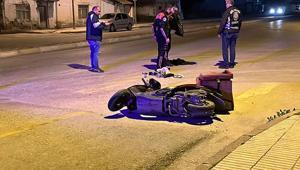 Çorumda ‘Dur ihtarına uymayan motosiklet polis memuruna çarptı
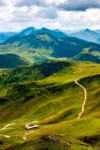 Ireland-Amazing-Landsace-Green-Nature-1024X576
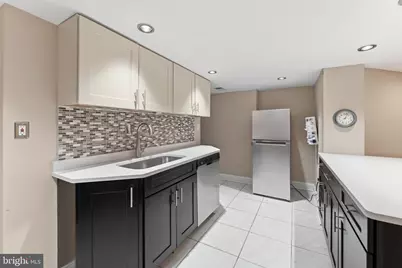 11 R Street NW #UNIT 2, Washington, DC 20001 - Photo 7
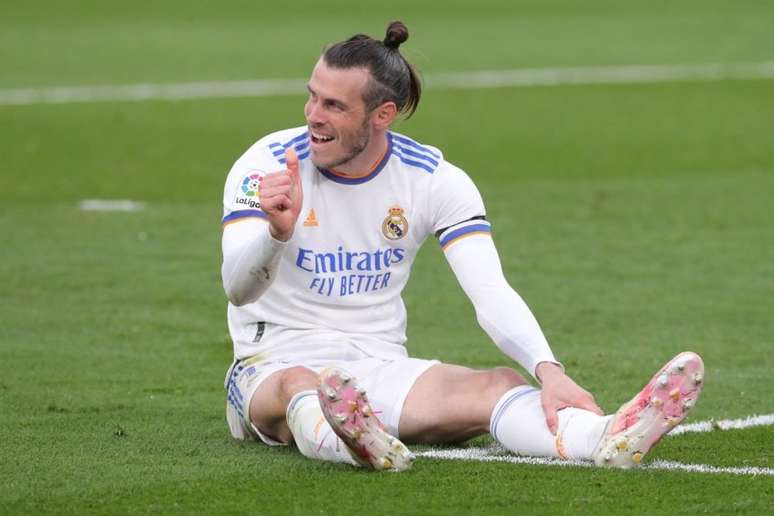 Gareth Bale fez apenas sete jogos pelo Real Madrid na temporada 2021/22 (Foto: JOSE JORDAN / AFP)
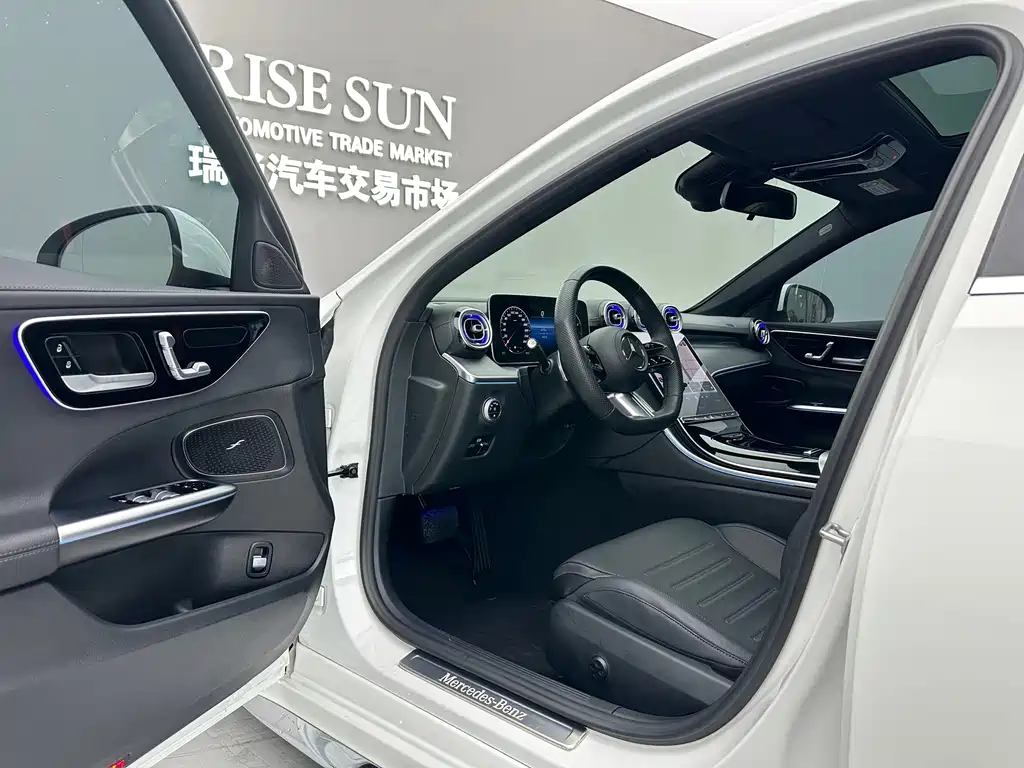 Mercedes-Benz C-Class 2023 — фото 4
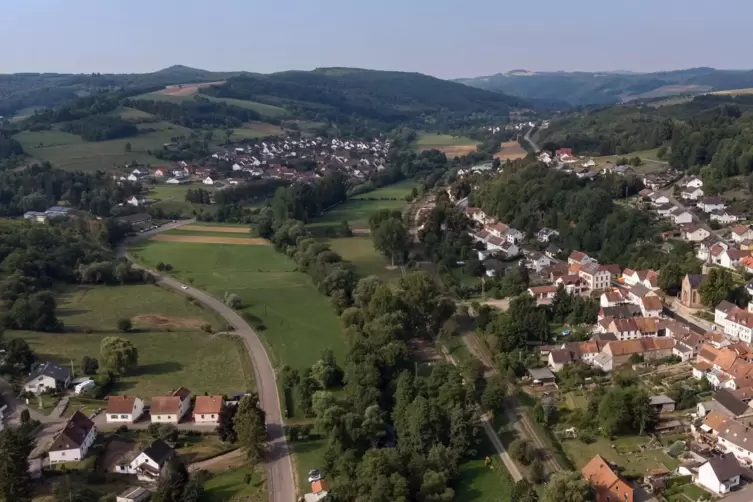 Für die Ortsteile Gumbsweiler (inks) und Eschenau (im Hintergrund) wurden bereits Sanierungssatzungen auf den Weg gebracht.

=== Exercise aim ===
From the first line to the last, output the records exactly without pictures.

=== Worked solution ===
 Çorumda ‘Dur ihtarına uymayan motosiklet polis memuruna çarptı
 Ireland-Amazing-Landsace-Green-Nature-1024X576
 11 R Street NW #UNIT 2, Washington, DC 20001 - Photo 7
 Gareth Bale fez apenas sete jogos pelo Real Madrid na temporada 2021/22 (Foto: JOSE JORDAN / AFP)
 Mercedes-Benz C-Class 2023 — фото 4
 Für die Ortsteile Gumbsweiler (inks) und Eschenau (im Hintergrund) wurden bereits Sanierungssatzungen auf den Weg gebracht.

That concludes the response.